## WORK INSTRUCTIONS:
Skip the pictures. Transcribe the rest of the data below without changing a word.

## DATA EXCERPT:
┏━━

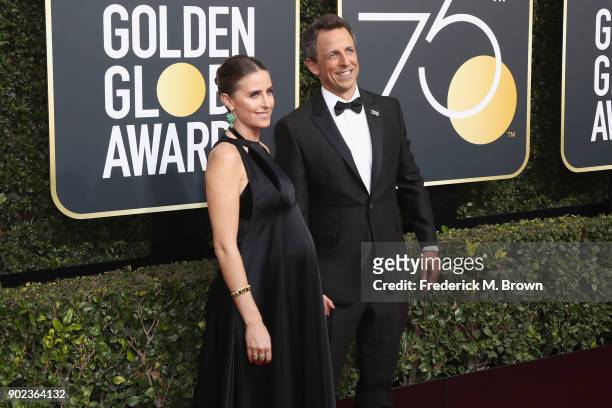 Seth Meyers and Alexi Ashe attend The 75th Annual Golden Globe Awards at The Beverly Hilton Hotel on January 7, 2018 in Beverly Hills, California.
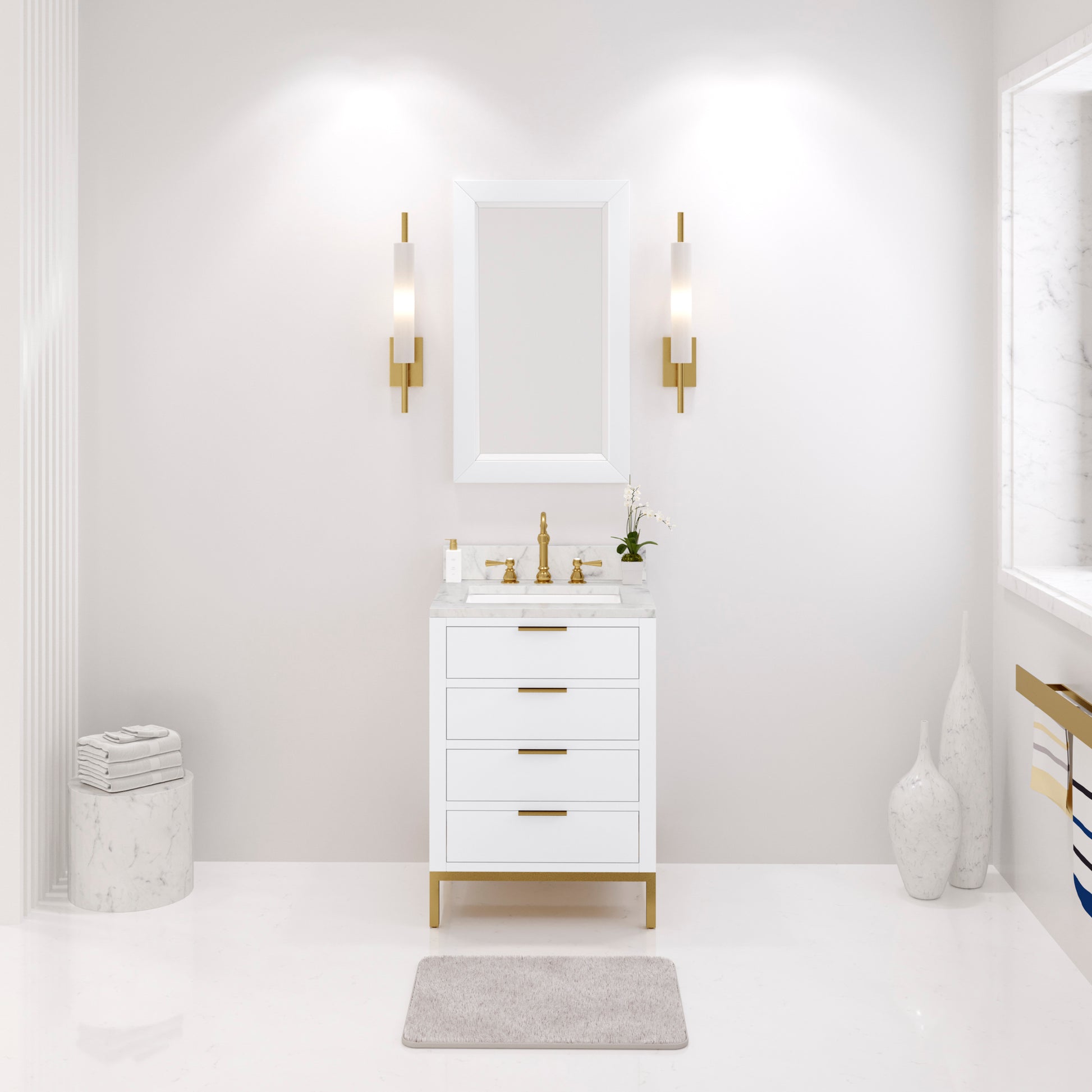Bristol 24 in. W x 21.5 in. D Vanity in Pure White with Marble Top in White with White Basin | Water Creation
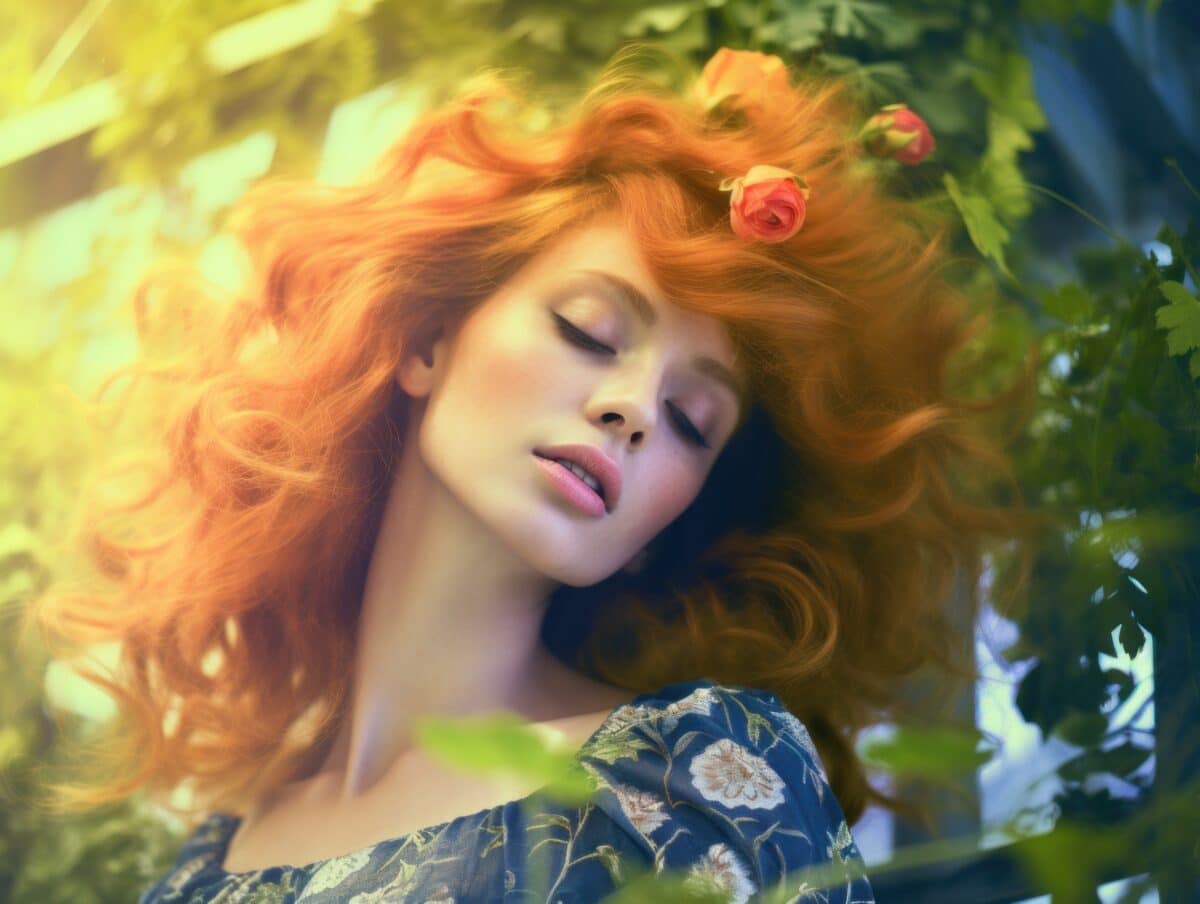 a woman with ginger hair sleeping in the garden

┗━━

## YOUR RESPONSE:
 Seth Meyers and Alexi Ashe attend The 75th Annual Golden Globe Awards at The Beverly Hilton Hotel on January 7, 2018 in Beverly Hills, California.
Bristol 24 in. W x 21.5 in. D Vanity in Pure White with Marble Top in White with White Basin | Water Creation
 a woman with ginger hair sleeping in the garden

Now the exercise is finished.